Telle qu’elle est, j’aime pourtant mieux l’Autriche que la Bavière. L’Autriche a au moins un système à elle, une marche déterminée depuis long-temps ; quand on est là, on sait à quoi s’en tenir ; on sait qu’en s’arrêtant à cette condition de ne point parler politique, de ne pas médire de la police, ni des prêtres, ni de M. de Metternich, de ne rien écrire de suspect, et de penser le moins possible, ou du moins de penser tout bas, on peut tout à son aise courir le monde, respirer le grand air sur les boulevards, s’en aller au Prater, au théâtre, au bal, et mener du matin au soir bonne et joyeuse vie. Mais la Bavière, on ne sait encore ce que c’est. On y marche comme sur une planche vacillante. Elle a été libérale, et elle a foulé aux pieds les idées de libéralisme ; son roi lui avait donné une constitution, et maintenant il n’a rien de plus à cœur que de la morceler et de la rogner ; il voulait avoir des députés libres et indépendans, et il fait mettre en prison ceux qui s’avisent de voter autrement qu’il ne l’a dit ; jeune homme, il a chanté la liberté, mais le baiser qu’il lui donnait était un baiser de Judas, il l’a trahie.

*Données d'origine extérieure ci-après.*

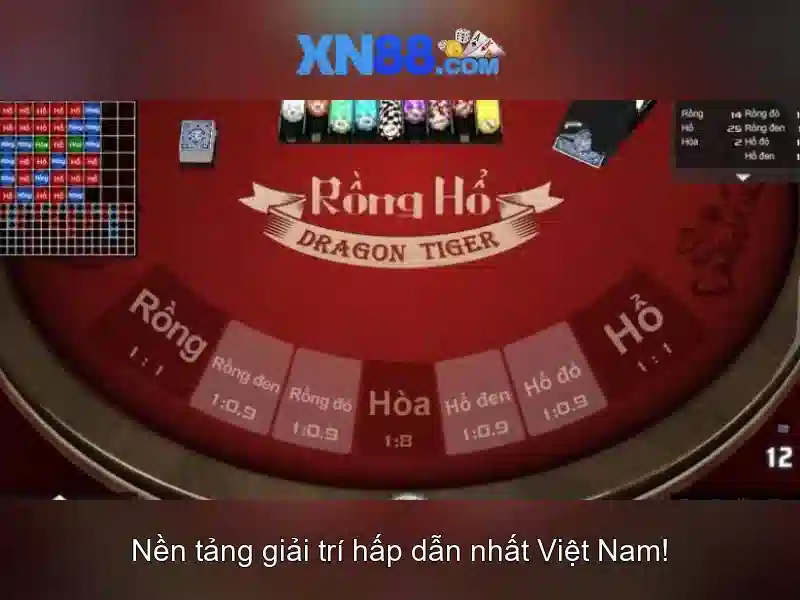 Tương tác và hỗ trợ\n<h>Kết luận</h>\n<p><span style=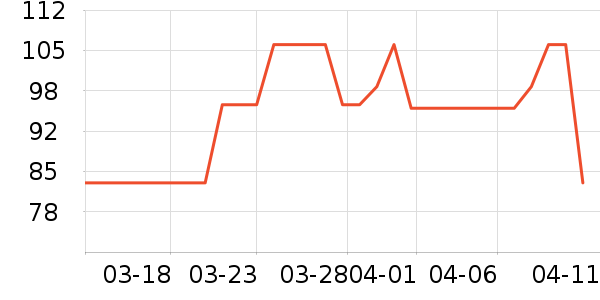 �Ϲ�������ʷ�۸�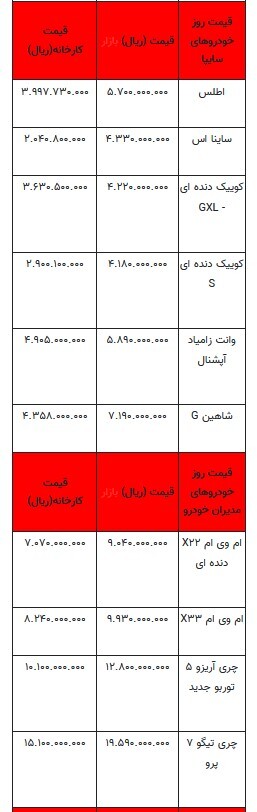 قیمت خودرو در بازار آزاد -۲۴ خرداد ۱۴۰۳+جدول
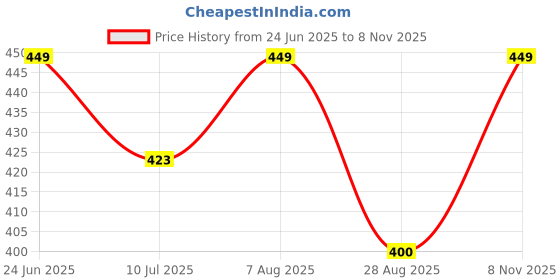 amazon.in domin8 Women's Breathable Camouflage Tank Top | Stylish Tshirts for Women | Soft & Comfortable Tshirts for Women | Regular Tshirt for Gym, Running domin8 Price History Graph from 24 Jun 2025 to 8 Nov 2025
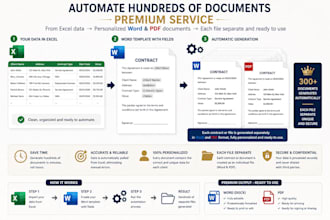 create automated contract and document systems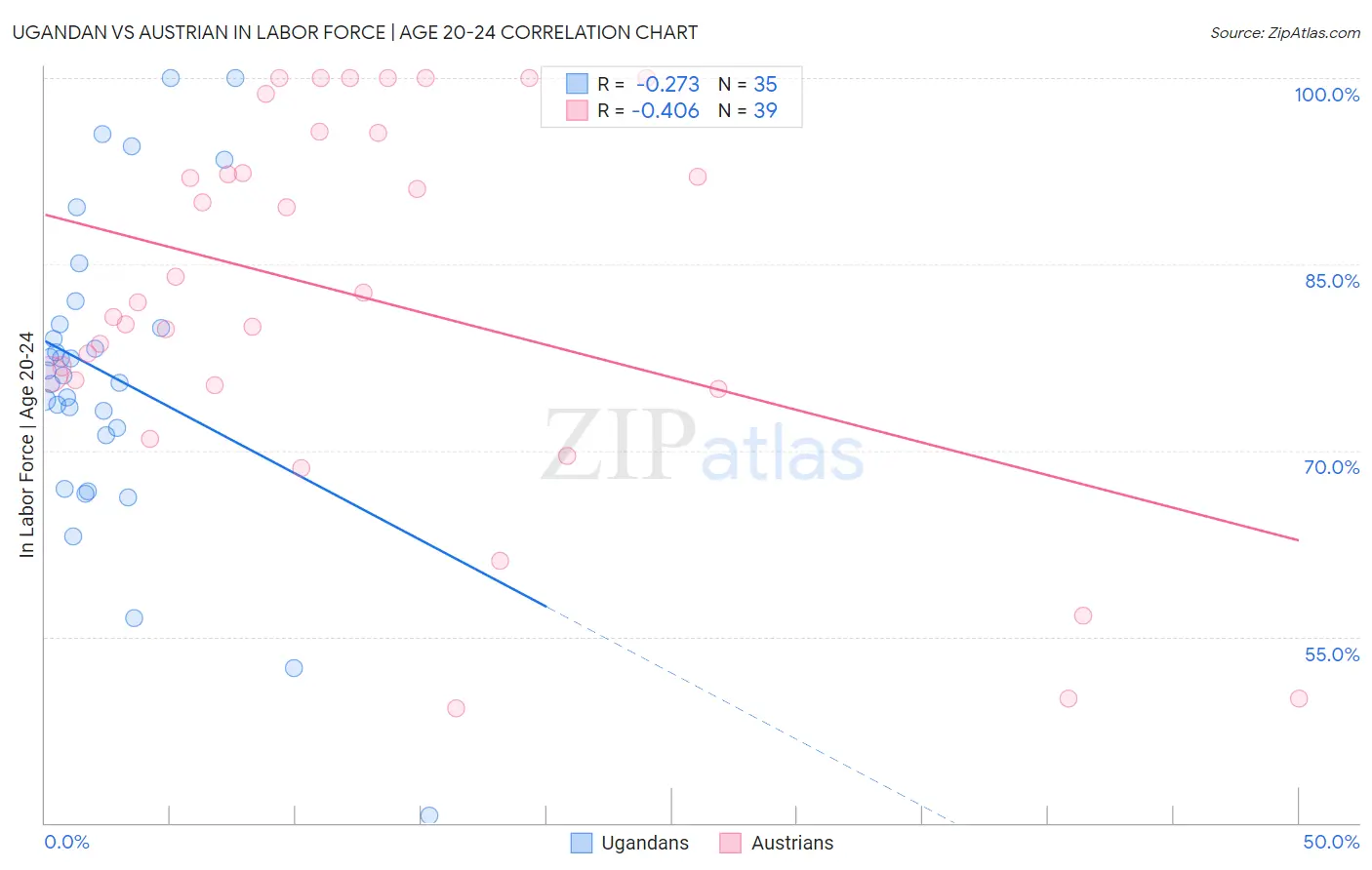 Ugandan vs Austrian In Labor Force | Age 20-24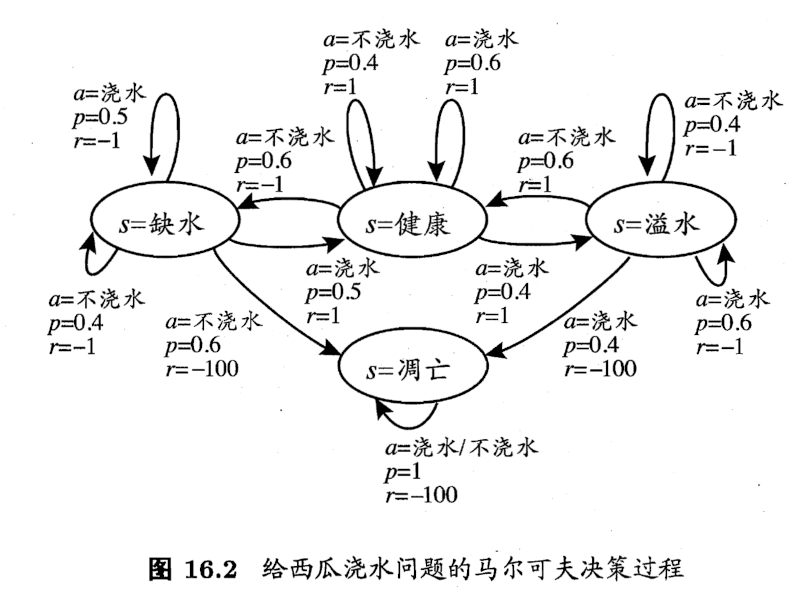 15.2 浇水问题的马尔可夫决策过程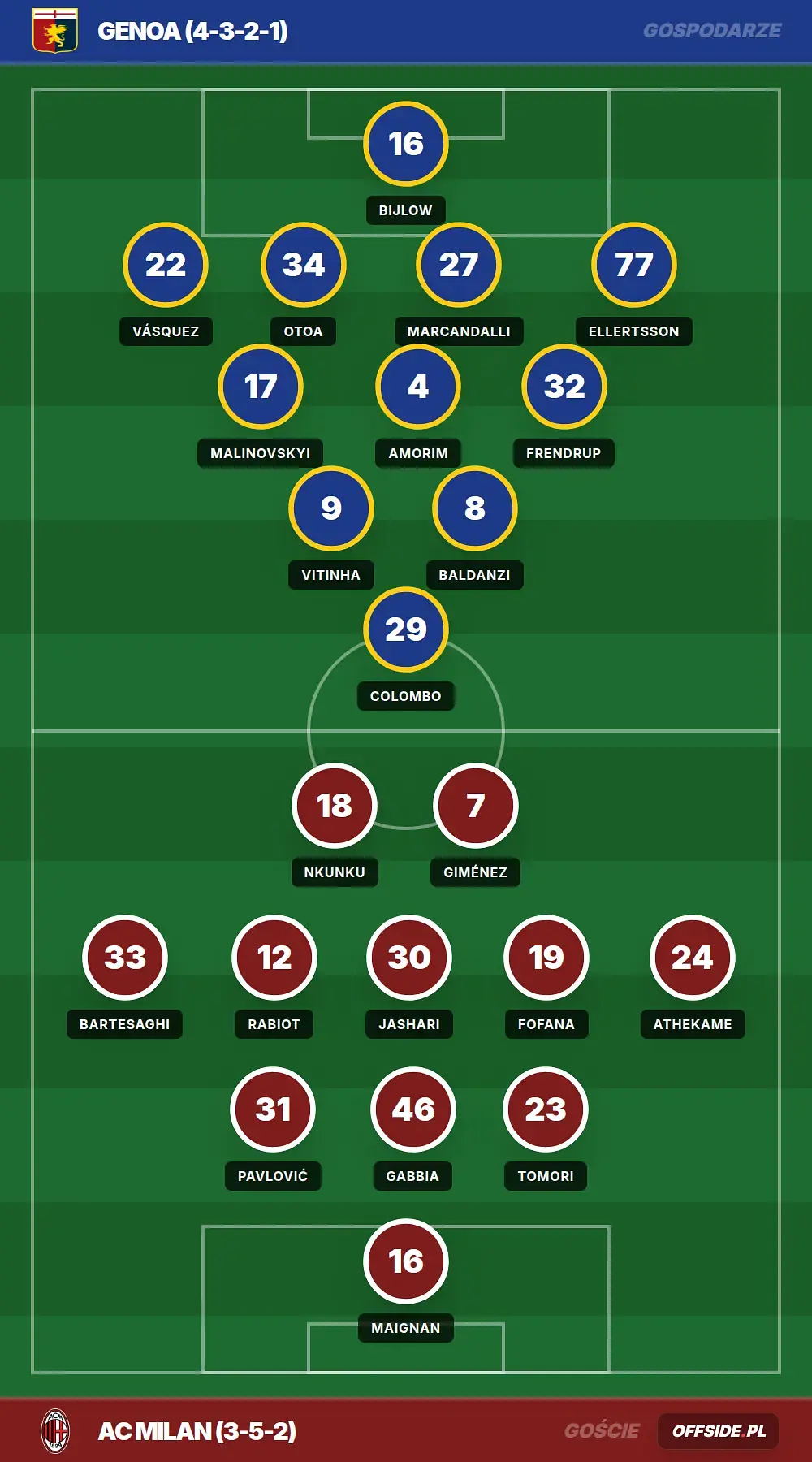 Grafika Offside.pl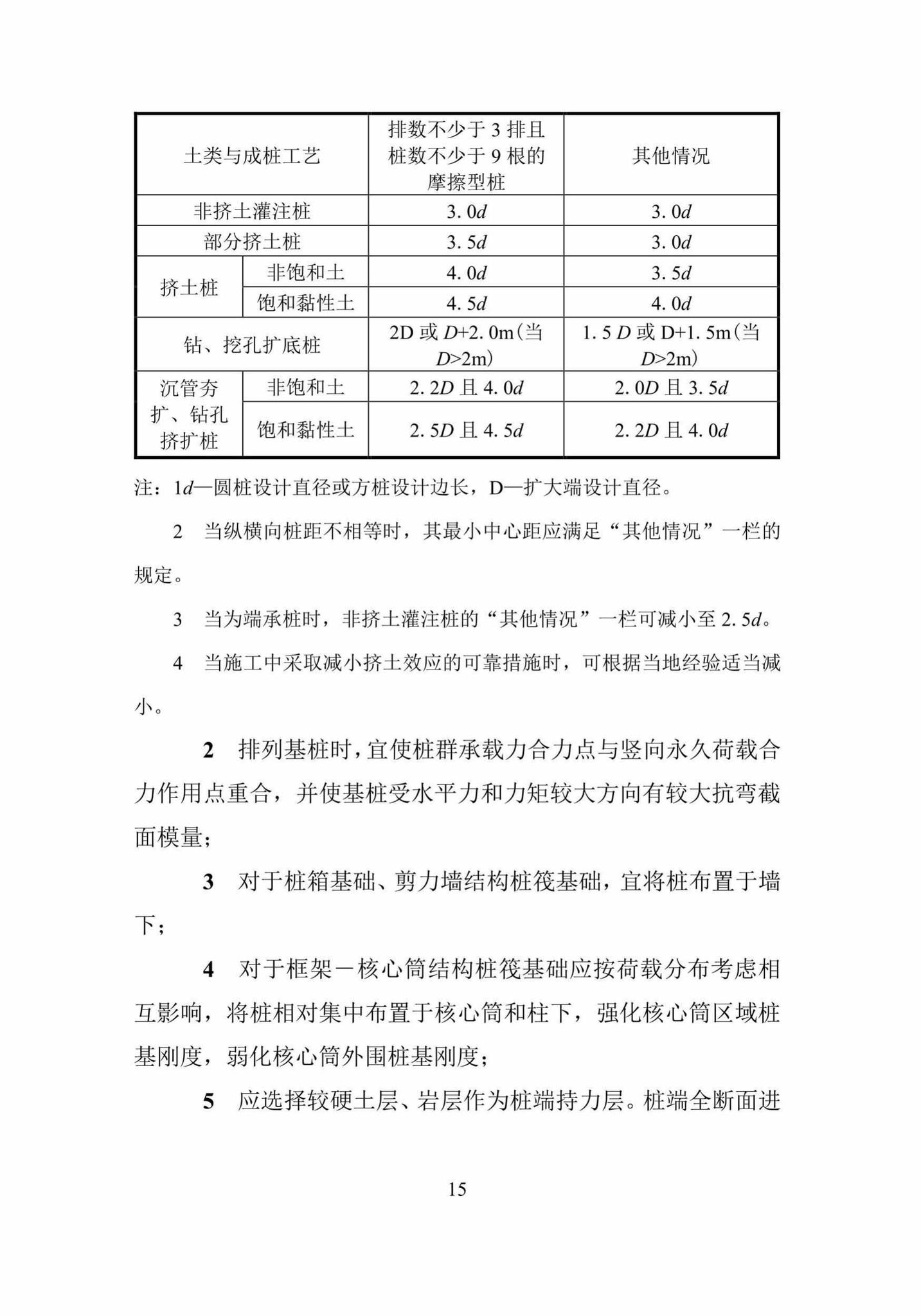 DBJ52/T088-2018--贵州省建筑桩基设计与施工技术规程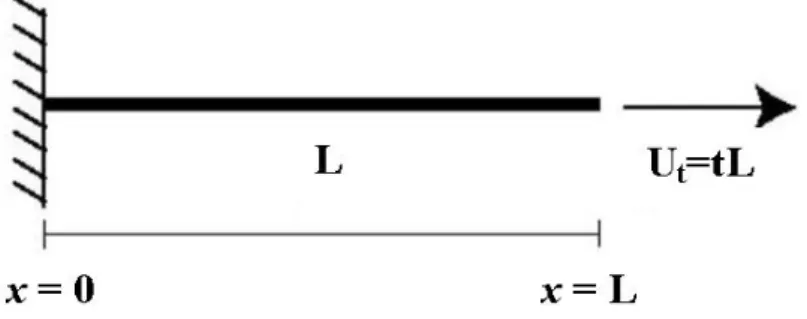 Fig. 2.6 – Repr´ esentation de la barre 1D en traction et le cadre unidimensionnel permet d’´ ecrire :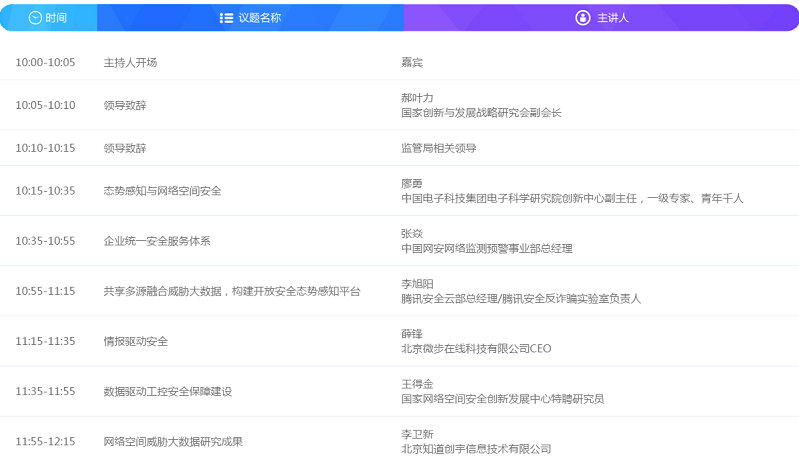 t011f6c5b9e9970d4c6.png http://p7.qhimg.com/t011f6c5b9e9970d4c6.png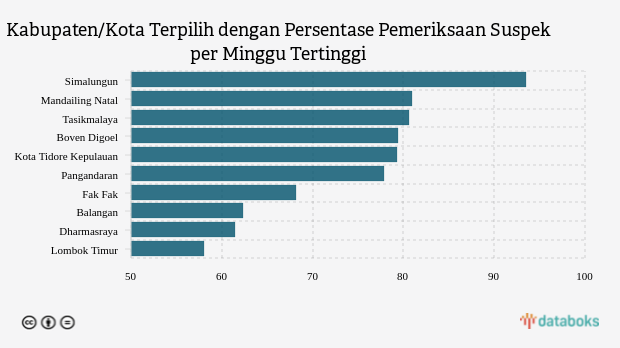 Kabupaten/Kota Terpilih dengan Persentase Pemeriksaan Suspek per Minggu Tertinggi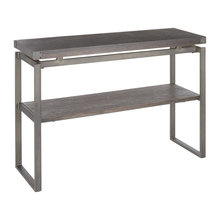 Console tables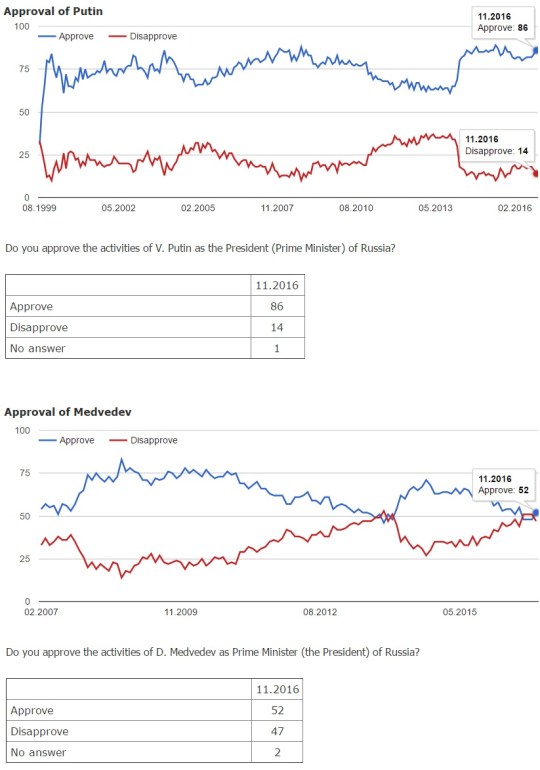 levada-center-putin-approval-poll-november-2011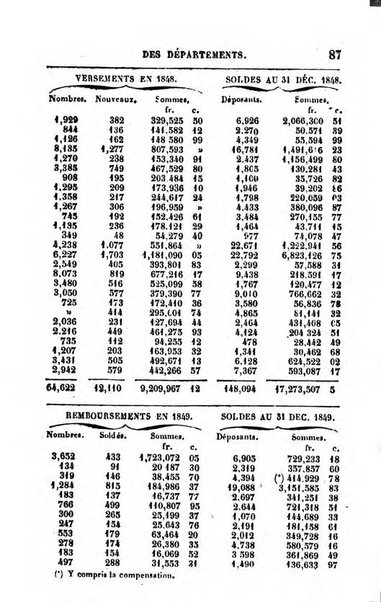 Annuaire de l'economie politique et de la statistique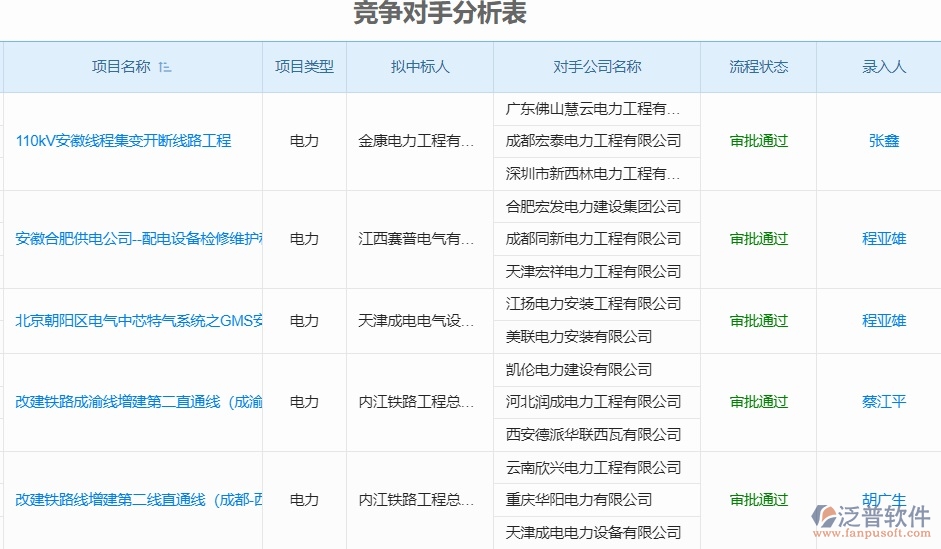 泛普電力工業(yè)管理系統(tǒng)中競爭對手分析表的管控點及作用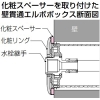 未来工業 化粧スペーサー 厚さ5mm 適合壁貫通エルボボックスGSSK2・GSSKH2 メッキ仕上げ 化粧スペーサー 厚さ5mm 適合壁貫通エルボボックスGSSK2・GSSKH2 メッキ仕上げ GSSK2-S 画像3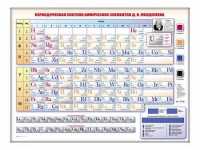 Электронно-справочная информационная таблица "Периодическая система химических элементов Д.И. Менделеева" - «globural.ru» - Чапаевск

La Bavière a eu son caractère marqué, son rôle indépendant, et la voici qui se traîne à la remorque de l’Autriche, qui se met à genoux devant elle, qui, dans la peur qu’elle a de ne pas assez bien l’imiter, exagère encore toutes ses mesures de rigueur, tout son système de défiance, tout son espionnage religieux et politique. Je ne connais pas de ville qui présente, comme Munich, tant de doute et d’incertitude dans les esprits, tant de malaise intime, et tant d’élémens contradictoires : des moines, des soldats, des couvens et des maisons de joie ; la religion prise à son plus haut point de rigorisme, et la dépravation de mœurs poussée au dernier degré. Munich est une ville toute sensuelle, qui se couvre d’un froc et porte un chapelet à sa ceinture. Le roi se déclare l’ami, le protecteur des sciences, et il laisse mourir l’université, en l’emmaillotant, en lui disputant pied à pied l’espace qu’elle occupe et la liberté d’enseignement dont elle a besoin. Il est artiste ; il devrait avoir l’âme grande et généreuse de l’artiste, et il existe un édit d’après lequel tout écrivain qui a mal parlé de lui doit venir faire amende honorable devant son portrait. Un jour, un jeune homme, condamné à cet acte de soumission dégradante, cracha sur le portrait qu’on lui présentait. On le mit en prison, et depuis personne n’a pu dire ce qu’il est devenu.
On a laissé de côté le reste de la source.